ACTION ITEM: Transcribe the entries exactly. Start at the top, stop after the line with "Now, it is Pakistan", and omit every picture.

DATA SHOWN:
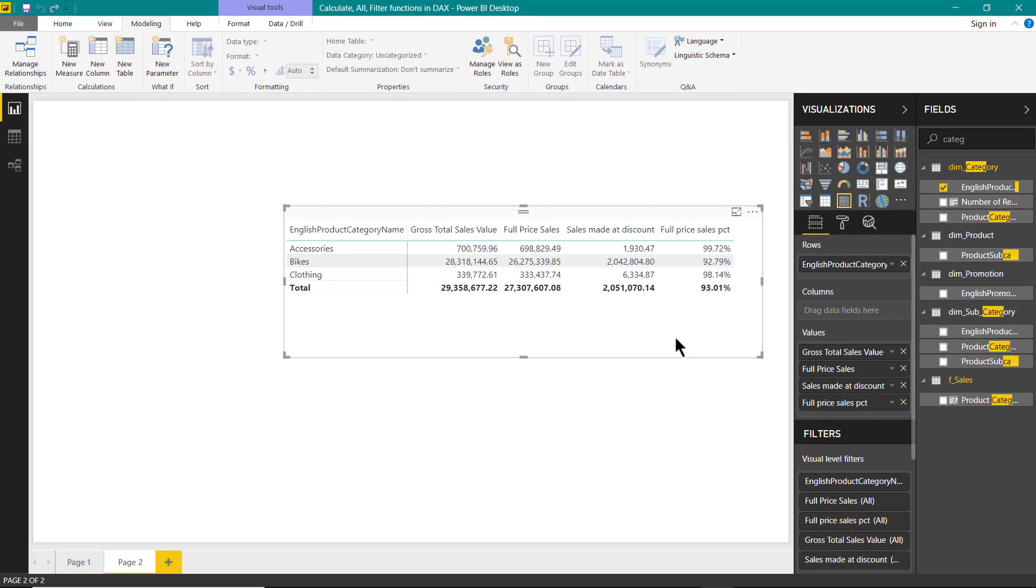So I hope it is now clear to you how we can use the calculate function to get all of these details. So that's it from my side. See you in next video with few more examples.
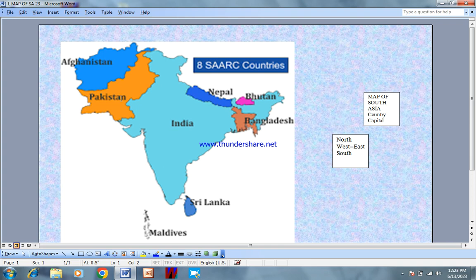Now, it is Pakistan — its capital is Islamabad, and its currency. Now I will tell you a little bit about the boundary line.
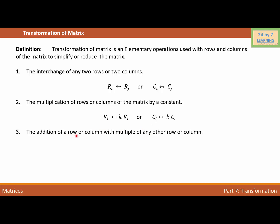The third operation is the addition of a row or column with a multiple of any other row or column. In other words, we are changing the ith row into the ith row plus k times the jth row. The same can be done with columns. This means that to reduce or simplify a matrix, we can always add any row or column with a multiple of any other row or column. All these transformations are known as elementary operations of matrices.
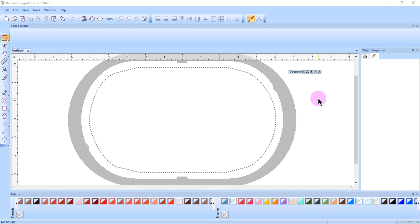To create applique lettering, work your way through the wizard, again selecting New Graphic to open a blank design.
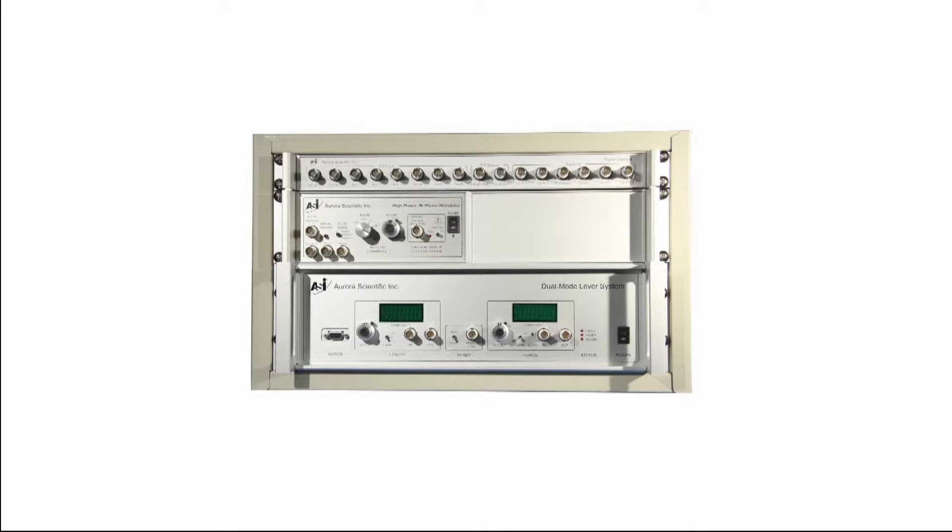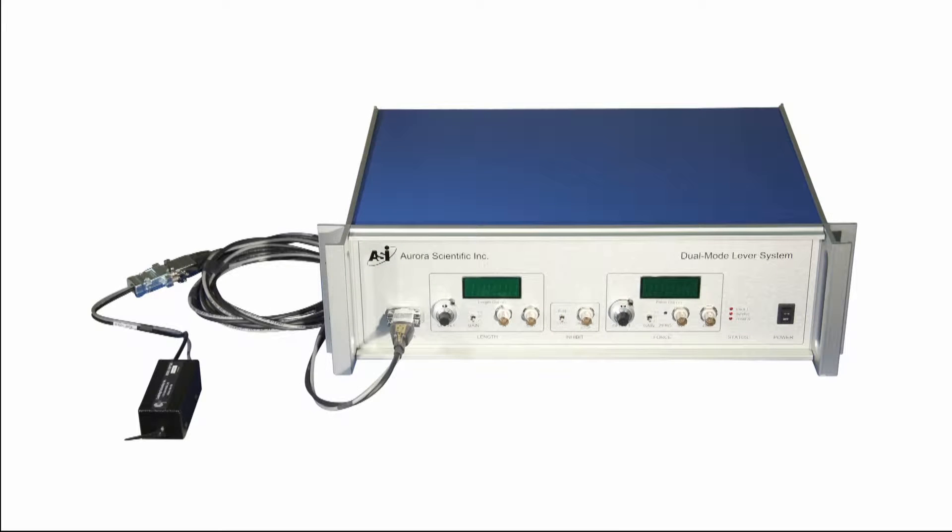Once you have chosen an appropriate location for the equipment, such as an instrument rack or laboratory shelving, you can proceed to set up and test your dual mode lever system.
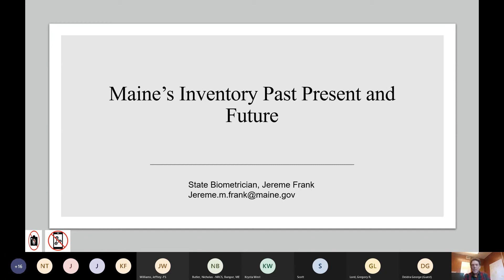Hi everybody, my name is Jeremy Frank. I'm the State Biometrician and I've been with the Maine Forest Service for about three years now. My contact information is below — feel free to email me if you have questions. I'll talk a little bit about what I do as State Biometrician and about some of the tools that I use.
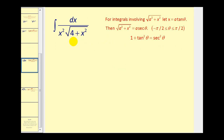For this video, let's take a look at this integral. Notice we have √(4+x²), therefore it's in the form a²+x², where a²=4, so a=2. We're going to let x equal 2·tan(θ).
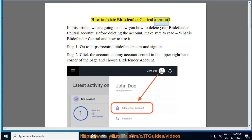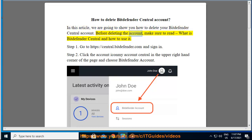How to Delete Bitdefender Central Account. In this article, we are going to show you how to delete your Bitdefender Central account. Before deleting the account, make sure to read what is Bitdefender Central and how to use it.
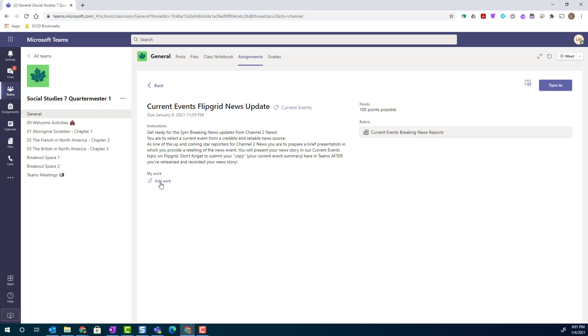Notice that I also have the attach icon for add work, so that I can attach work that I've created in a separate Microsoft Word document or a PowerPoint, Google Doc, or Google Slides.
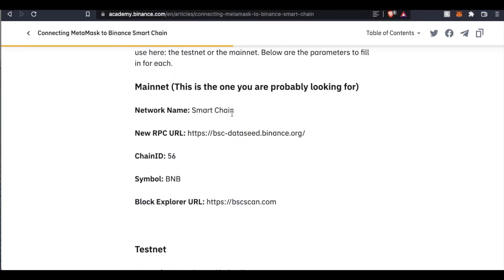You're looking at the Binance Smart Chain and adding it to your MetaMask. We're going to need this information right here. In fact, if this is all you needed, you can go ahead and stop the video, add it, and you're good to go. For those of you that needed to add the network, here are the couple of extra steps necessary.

REPLY:
So I hope it is now clear to you how we can use the calculate function to get all of these details. So that's it from my side. See you in next video with few more examples.
Now, it is Pakistan — its capital is Islamabad, and its currency. Now I will tell you a little bit about the boundary line.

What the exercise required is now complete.